Thursday August 12, 2010
 
 

Even before it passed in the U.S. House of Representatives on Tuesday, the $26 billion state aid bill drew a volley of fire from top Republicans on Capitol Hill who claimed it was another bailout currying Democratic Party favor with teacher unions.

Republican leaders back home in Texas are enraged for a quite different reason: A provision in the legislation offers about $830 million to fund between 13,400 and 14,500 teaching jobs in Texas — but if, and only if, Gov. Rick Perry provides assurance that the money won’t be diverted to other expenses.

This oddly Texas-specific provision was crafted by U.S. Rep. Lloyd Doggett, D-Austin, in the wake of last year’s funding shell game down in Austin. In 2009, some $3.2 billion in education funds from the American Recovery and Reinvestment Act was dispatched to Texas to supplement state funds already set aside for education. Through some accounting maneuvers, state leaders instead used the federal money for other purposes, including plugging a budget shortfall. This left some Texas educators fuming.

This time, Doggett added an amendment demanding that Perry leave state education funds at current spending levels through 2013 so extra money for education allotted by the federal government can enhance education across Texas. Various education groups back this.

This strikes us as much political meddling.

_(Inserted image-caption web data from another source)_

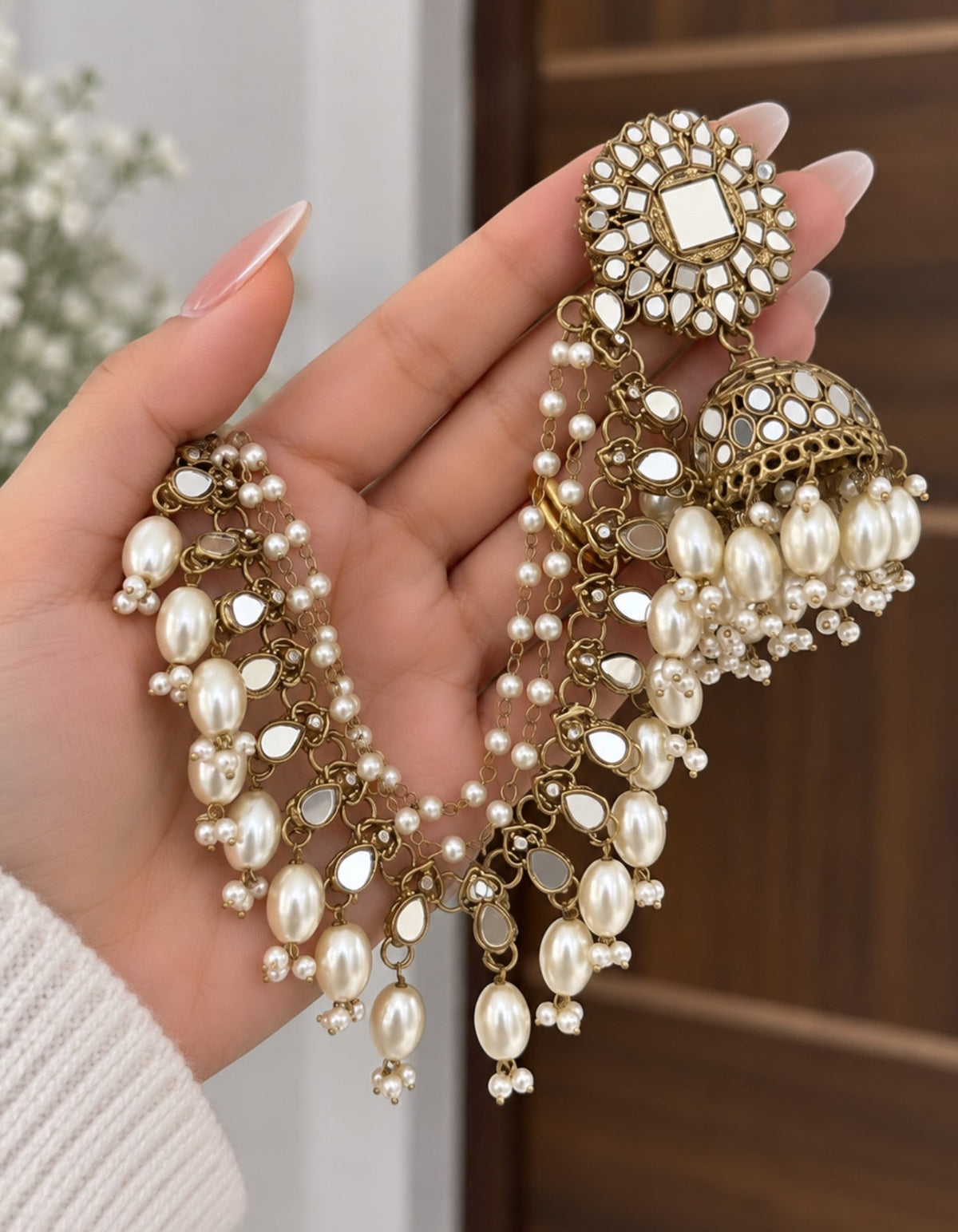 Mirrored Sahara Earrings Set with Tikka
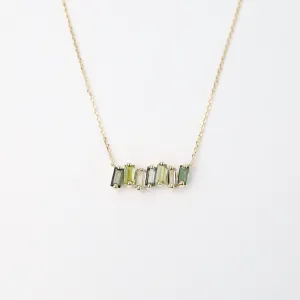 Yellow Gold Mixed Green Baguette Bar Necklace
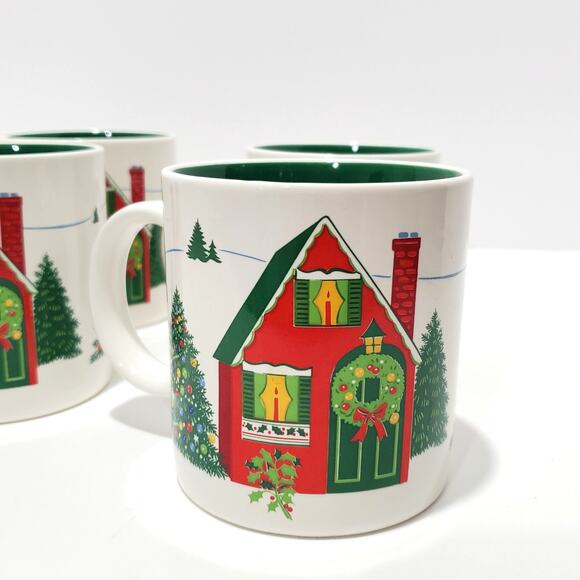 Vtg Himark Saltera Seasons Greetings Coffee Mugs Set of 4 Japan 1985 Collectible - Picture 4 of 10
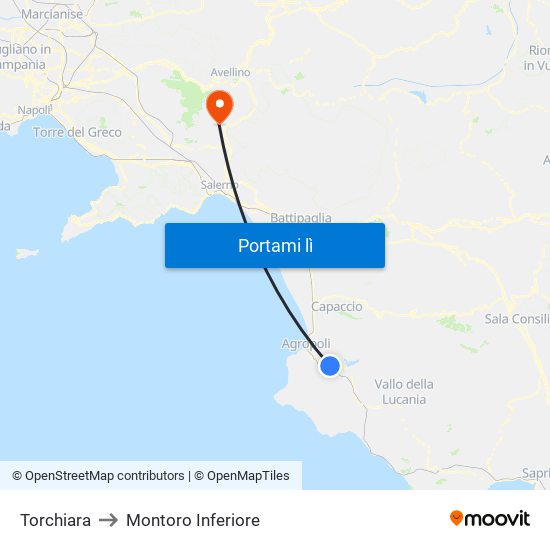 Torchiara to Montoro Inferiore map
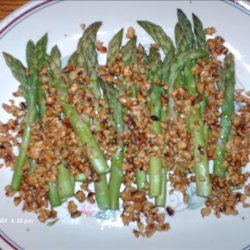 Steamed Asparagus With Walnuts and Browned Butter Sauce recipe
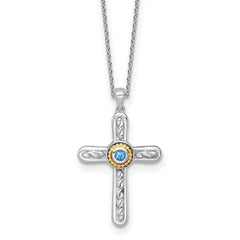 Shey Couture Sterling Silver Rhodium-plated with 14k Accent Round London Blue Topaz Textured Cross 18 inch with 2 inch Extension Necklace QTC1851
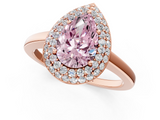 Rose gold Fancy Pink Pear  Halo Diamond Engagement Ring with Solitaire Band and Four-Prong Setting_20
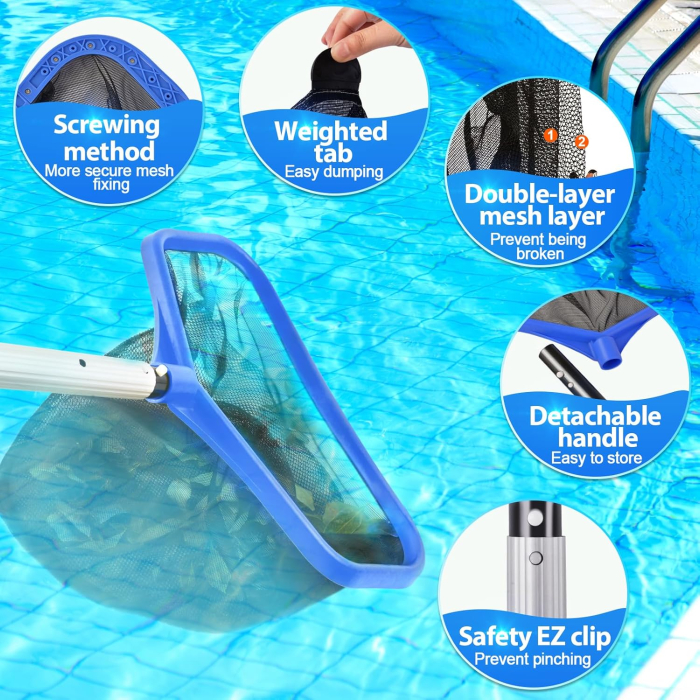 Plasă fină din nailon pentru piscină, dublă adâncă, compatibilă maner 32 mm [3]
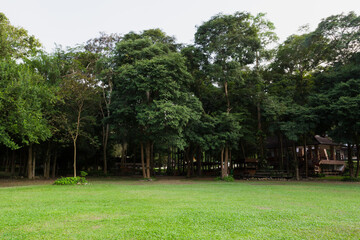 Camping zone along site the lake at Namtok Samlan National Park in Saraburi Thailand	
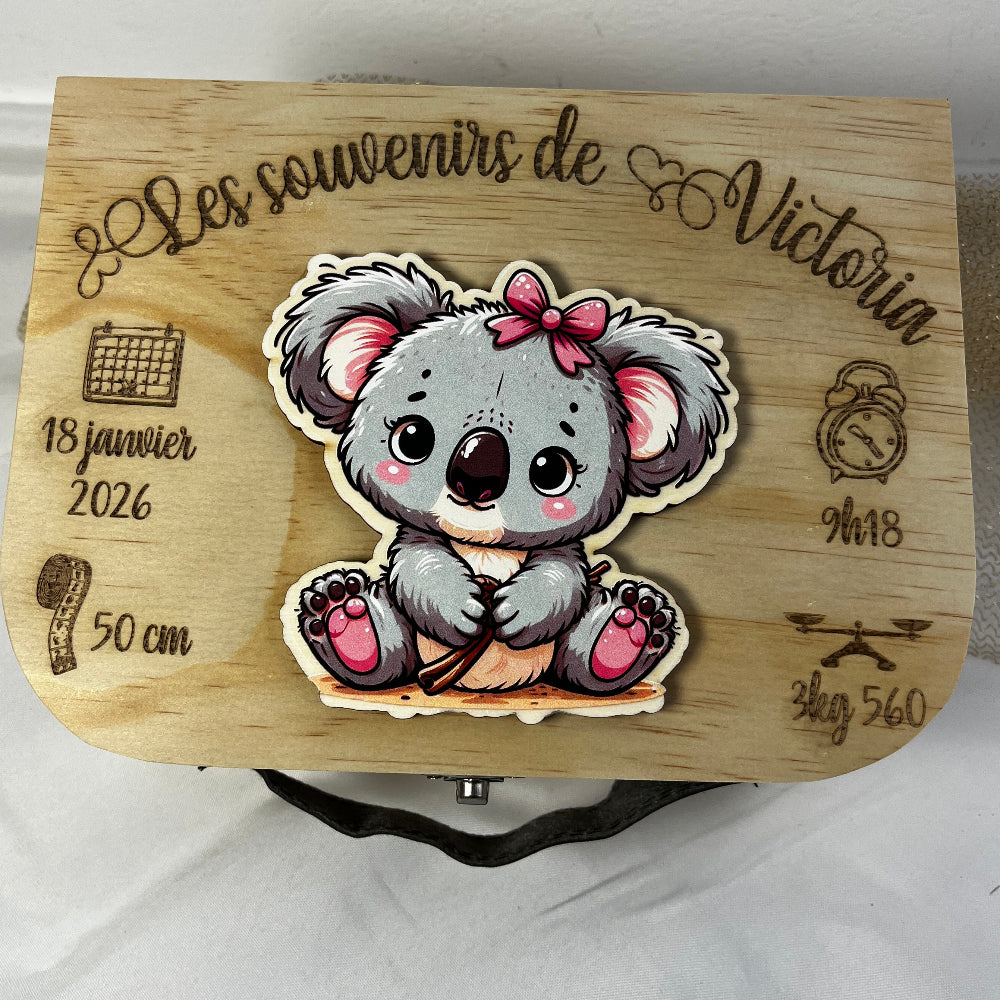 valise de naissance gravure et animal en couleur 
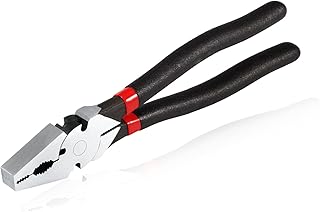 SPEEDWOX 10 Inch Square Nose Fence Pliers, High-Leverage Linemans Pliers with shear-type wire cutters, Multi-purpose Fence Tool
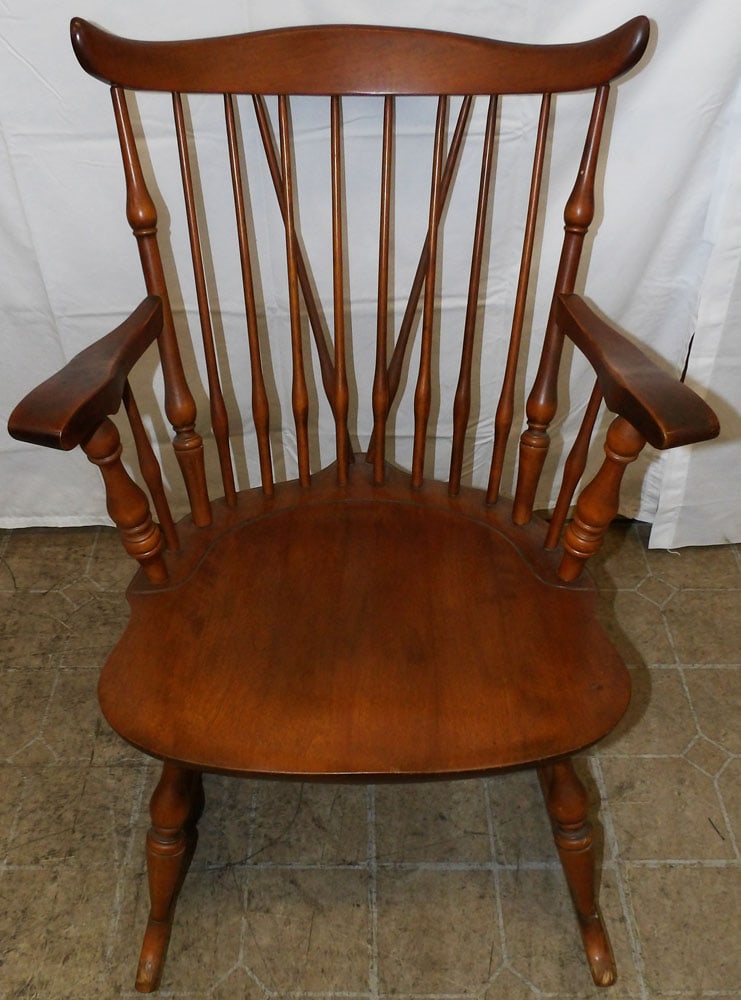 Maple Rocker by Nichols & Stone: Maple Rocker by Nichols & Stone. 33 1/2" H 24" W 29" D "ALL DESCRIPTIONS AND ANY CONDITION STATEMENT GIVEN BY LANGSTON AUCTION GALLERY ARE STRICTLY OPINIONS AND LANGSTON'S SHALL HAVE NO RESPONSIBILITY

It puts our governor in violation of the Texas Constitution, which prohibits him from committing the Legislature to future spending levels. The Constitution mandates no appropriation of money be made for a longer term than two years. Besides, do we really want Washington telling us how to conduct and plan our state budget?

Former state District Judge Scott McCown, executive director of the Center for Public Policy Priorities and an expert on school finance, says enough latitude exists in the law to allow the governor to make a good-faith prognosis on the matter, which ought to be somewhat acceptable to Perry, who has signed such assurances before. Yet it’s unfortunate that the debate over school finance has reached this low level of political gamesmanship.

Groups ranging from the Texas State Teachers Association to the fairly conservative Texas Association of School Boards are right to be rankled at how the Legislature shortchanged education last year. With extensive membership rolls, such educator groups have enough muscle to make their sentiments known at the ballot box if our leaders in Texas fail them again.

But we definitely don’t need Washington getting between Texans and the leaders they dispatch to Austin. In the end, that’s our business and not the federal government’s.